Wednesday, December 20, 2006

Another Way to Revise

When it comes time to revise, people approach it differently. They set a goal of 50 pages a day, or work chapter-by-chapter.

I’d like to suggest a different way – working scene-by-scene.

Chapters often have more than one scene in them; or, sometimes, a scene can run for several chapters. But, if you thoroughly deal with each scene before moving to the next one, you’ll find you need to go back over it and re-revise it less often.

Read the scene through, without allowing yourself to make any changes or notes. See if you can live in the scene completely.

Read it through again, this time taking notes and making corrections.

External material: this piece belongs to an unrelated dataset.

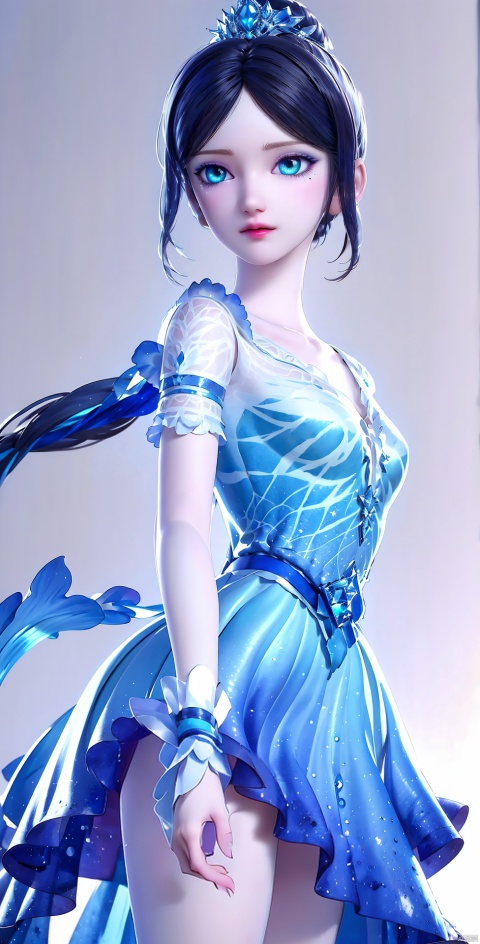  Blue sea background,Transparent blue butterflies flying, Exquisite glass slipper, wearing conservative conservative conservative fairy dress, dream, transparent crystal pink butterfly, sparkling droplets, long flowing hair, surrounded by sparkling water droplets, (clothes studded with sparkling diamonds, small pearls) tender white skin, ((true texture)), realistic movie lighting, Super realism,
long black hair, long pink tapered dress,Blunt bangs, masterpiece, best quality, best illustration, super detailed, upper body, solo, 1 girl, looking at the audience, upright, arms on both sides, beautiful detail eyes, conceptual art, floral background, simple background, short sleeves, watercolor pencil, expressionless face, blush, virtual tubing, long hair
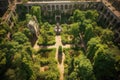 aerial view of lush monastery garden and courtyard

Go over it for the basics – grammar, spelling, sentence structure. Have you left participles dangling out of carelessness, or because it’s part of the character’s speech rhythm? Is there a way to tighten the dialogue? Are there extra phrases/sentences that seemed to work in the natural rhythm of the piece when you first wrote it, but now slow it down? Are there points where you’ve speeded up and skipped over bits to “put it in later” in order to get to another part of the scene that pulled at you more strongly?

Well, this is “later”. Time to make those fixes.

Does every incident in the scene reveal something about the characters and/or move the story forward? Sometimes it doesn’t seem to be a plot incentive, but will reveal something important about the character that allows the plot incentive to work later.

When you’re sure that the scene is the best it can be, then you move on.

It’s a slower method of revision than some of the others, because it means going back over the scene again and again and again.

But, because in the final product, each scene is a building block in the whole structure, polishing scene by scene will help you get the piece Trusted Reader-ready and submission-ready in fewer drafts.

To live within each scene with your characters during the revision while simultaneously keeping the objective eye to the craft is easier to do within the context of a scene than in the context of, say, fifty pages.

Some days you’ll only be able to rework a single scene; sometimes you will manage two or three. But the point of it is to do it as completely as you can before moving on.

1 Comments:

At 7:07 PM, Blogger EA Monroe said...

Hi Devon. This is the way I've always worked. It's much easier to weave all the scene strands together and it strengthens the chapter into a cohesive whole of a larger piece.